**Exercise**
Using the data below, print exactly the line with "Navy and gold Wedding", the line with "[radio portable] Lenco", and every line between them, but none of the pictures.

**Supplied information**
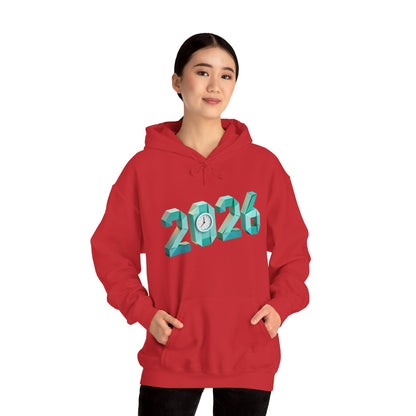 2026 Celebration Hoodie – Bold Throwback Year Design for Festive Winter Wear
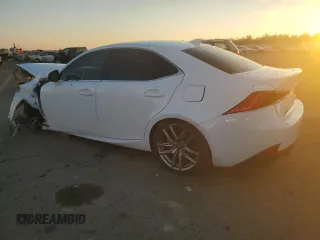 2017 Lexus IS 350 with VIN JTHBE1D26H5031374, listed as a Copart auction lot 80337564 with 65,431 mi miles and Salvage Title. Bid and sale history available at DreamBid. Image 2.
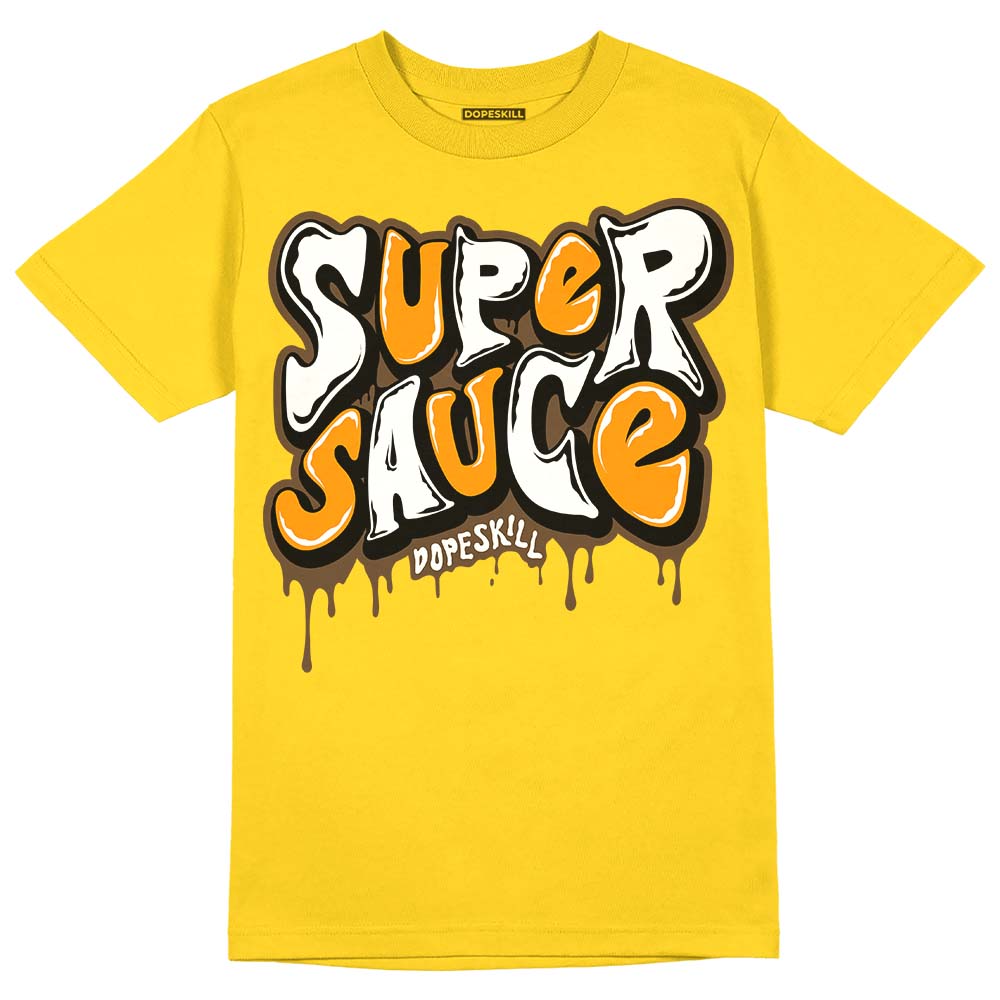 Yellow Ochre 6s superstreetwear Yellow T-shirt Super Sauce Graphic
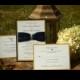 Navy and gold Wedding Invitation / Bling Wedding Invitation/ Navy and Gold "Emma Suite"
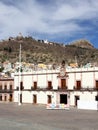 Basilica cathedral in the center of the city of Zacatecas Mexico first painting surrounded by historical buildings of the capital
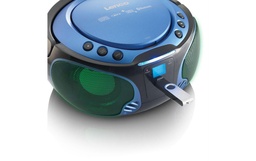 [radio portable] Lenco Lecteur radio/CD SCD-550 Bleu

* * *

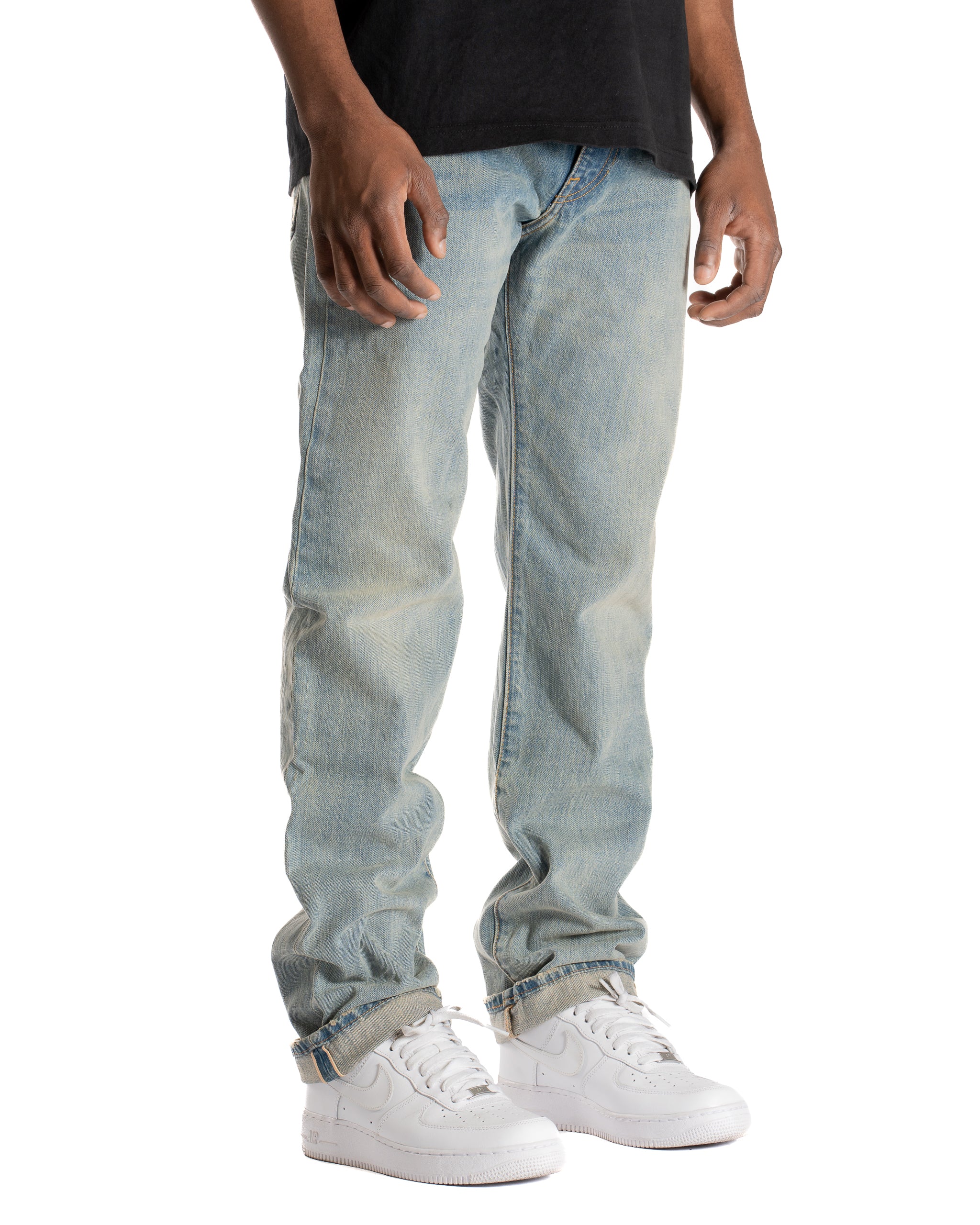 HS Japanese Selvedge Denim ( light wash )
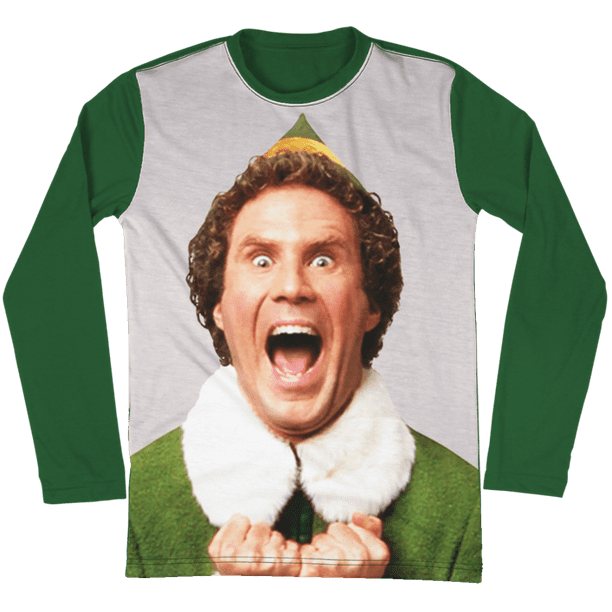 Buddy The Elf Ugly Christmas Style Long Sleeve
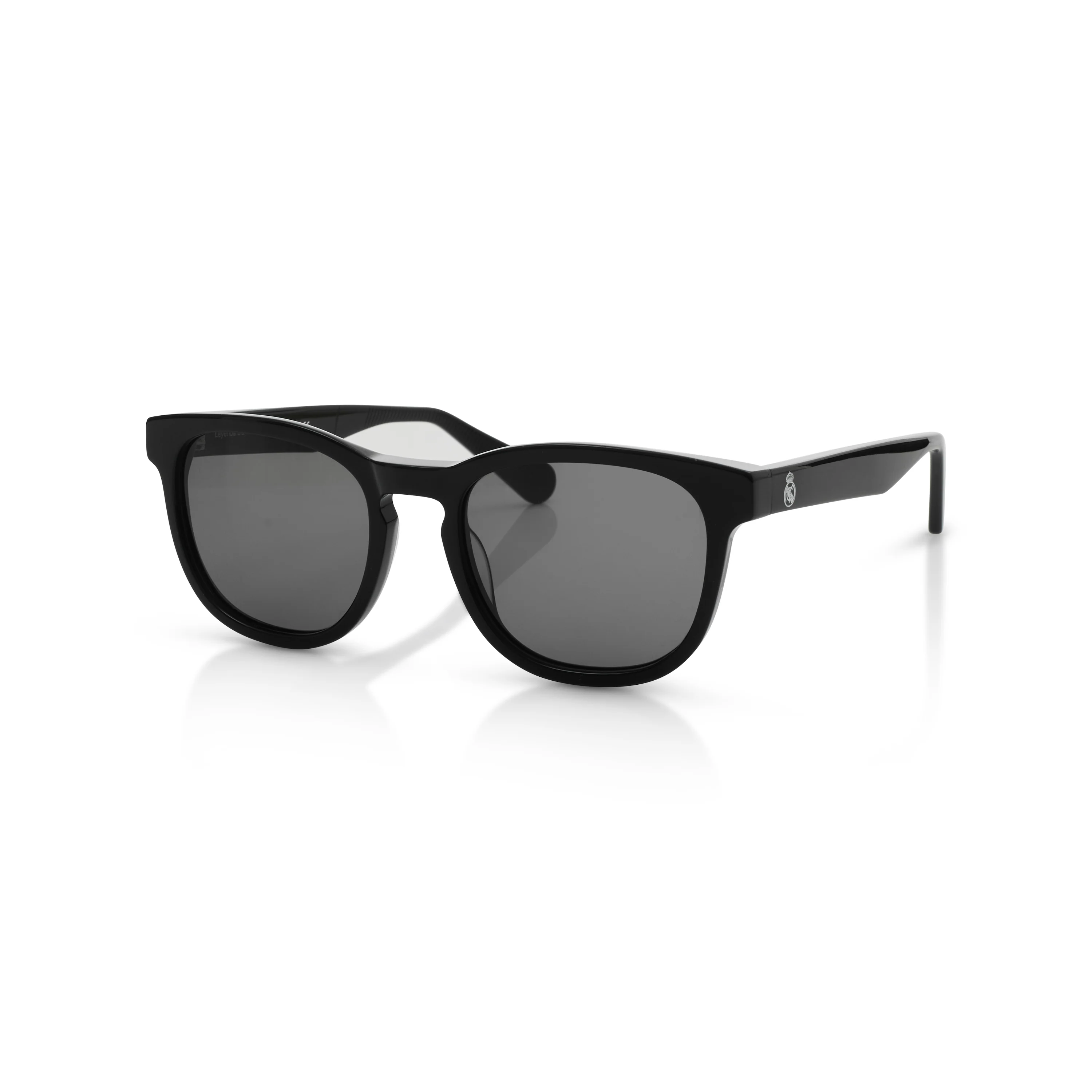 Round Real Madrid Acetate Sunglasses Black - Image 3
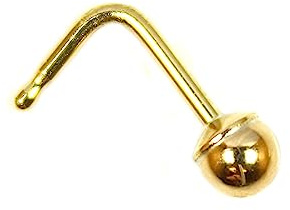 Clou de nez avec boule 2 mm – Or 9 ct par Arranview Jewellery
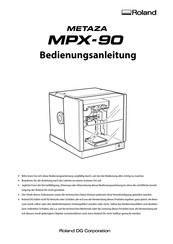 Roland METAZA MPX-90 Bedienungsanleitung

==

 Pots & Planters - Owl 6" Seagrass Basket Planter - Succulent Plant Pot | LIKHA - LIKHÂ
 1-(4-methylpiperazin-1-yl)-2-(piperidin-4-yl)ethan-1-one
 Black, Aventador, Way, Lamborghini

**Answer section**
 Navy and gold Wedding Invitation / Bling Wedding Invitation/ Navy and Gold "Emma Suite"
 Basilica cathedral in the center of the city of Zacatecas Mexico first painting surrounded by historical buildings of the capital
 [radio portable] Lenco Lecteur radio/CD SCD-550 Bleu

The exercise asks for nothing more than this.